___ Given data ___

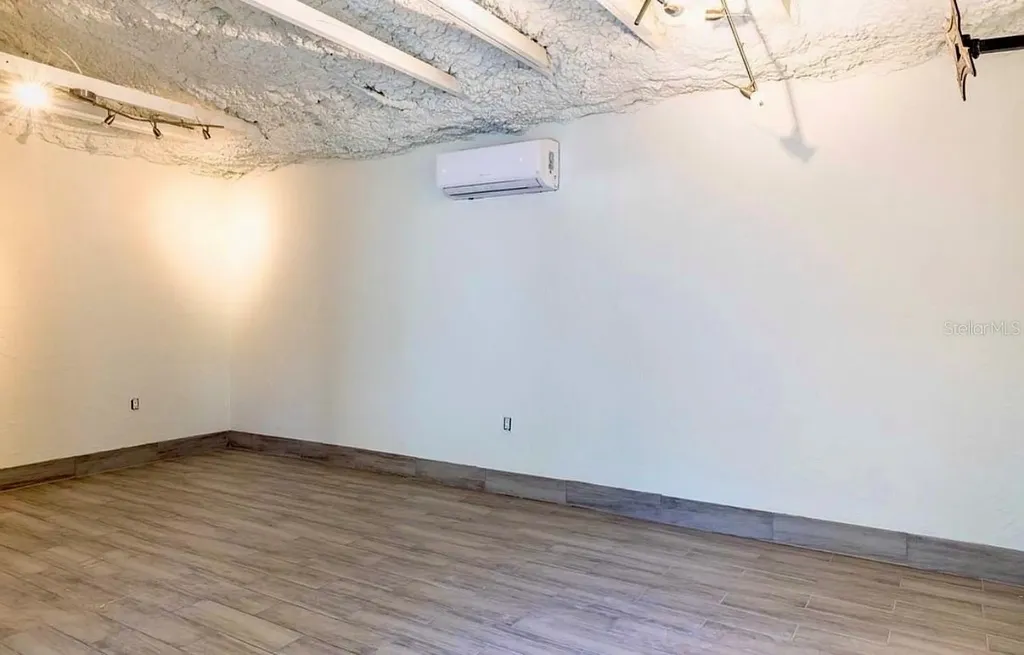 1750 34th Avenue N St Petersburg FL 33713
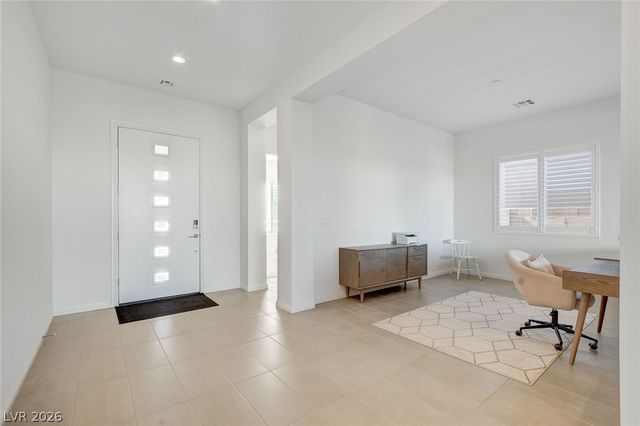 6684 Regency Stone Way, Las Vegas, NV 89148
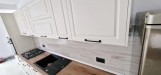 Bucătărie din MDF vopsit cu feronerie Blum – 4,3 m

___
___ Given data ___

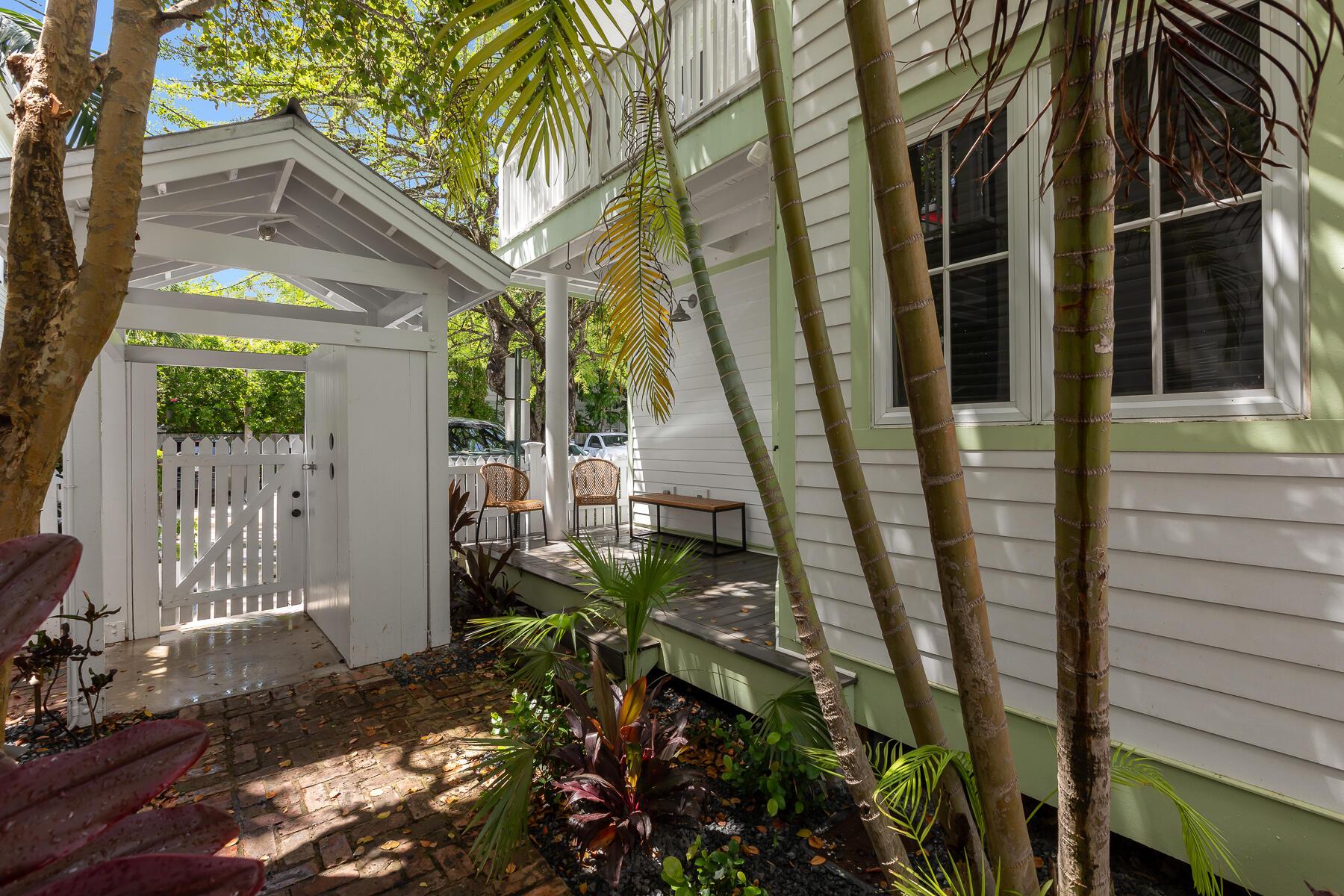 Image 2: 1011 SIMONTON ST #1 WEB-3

___

• _What is required_
Having found the line with "1750 34th Avenue N St Petersburg FL 33713" and the line with "Bucătărie din MDF" in the material above, write out exactly those two and every line between, leaving the pictures out.

• _Finished exercise_
 1750 34th Avenue N St Petersburg FL 33713
 6684 Regency Stone Way, Las Vegas, NV 89148
 Bucătărie din MDF vopsit cu feronerie Blum – 4,3 m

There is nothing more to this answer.